Publicado: 19 de abril de 2006
Por: Paulo Campos Christo Fernandes (D.Sc.) Embrapa Amazônia Oriental; Andrea Malaguido (M.Sc.); Almir Vieira Silva (D.Sc.) UFRA .
As micotoxinas são produtos normais do metabolismo de determinados tipos de fungos. A contaminação de alimentos por fungos tóxicos não é um fenômeno recente. Na Idade Média, a contaminação do centeio causou a doença conhecida como “fogo de Santo Antônio” ou ergotismo. Os estudos quanto à toxicidade das micotoxinas iniciaram-se após o surto de aflatoxicose ocorrido na Inglaterra em 1960, ocasionando a morte de milhares de perus. Os EUA estabeleceram limites para as aflatoxinas desde 1965. Nos últimos anos, grandes avanços aconteceram nesse sentido, porém muitos aspectos ainda necessitam ser elucidados.
 
Fatores de risco
Os grãos armazenados devem conter baixos teores de umidade para prevenir o desenvolvimento fúngico. No entanto, os padrões meteorológicos mundiais são irregulares, com áreas apresentando altos índices de precipitação pluviométrica, seca ou geada. O estresse provocado pela seca pode elevar a penetração de fungos nos grãos. Alguns países tropicais e semitropicais têm reportado com freqüência a contaminação por Fusarium, onde anteriormente só eram detectadas aflatoxinas. Isto, provavelmente, é o resultado da maior freqüência de testes para detecção desses compostos, que eram erroneamente considerados inexistentes.
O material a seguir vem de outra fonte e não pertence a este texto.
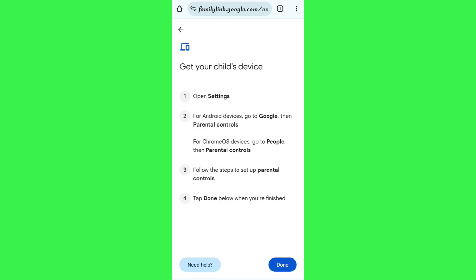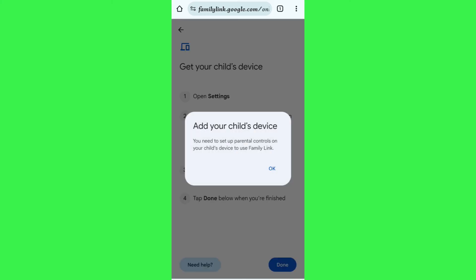After following the steps, tap Done at the bottom. Press the Done button in the bottom right-hand corner and it will add your child's device into the group, where you will be able to easily supervise your child's device.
Os padrões de qualidade dos grãos comumente utilizados podem variar muito conforme as condições climáticas e manejo dos grãos. A Tabela 1 apresenta um levantamento realizado durante três anos em uma empresa privada no Brasil. O percentual de grãos apresentando algum tipo de problema foi acima de 15%, predispondo ao crescimento fúngico. Esses dados mostram como os produtores estão susceptíveis a surtos de intoxicação por micotoxinas.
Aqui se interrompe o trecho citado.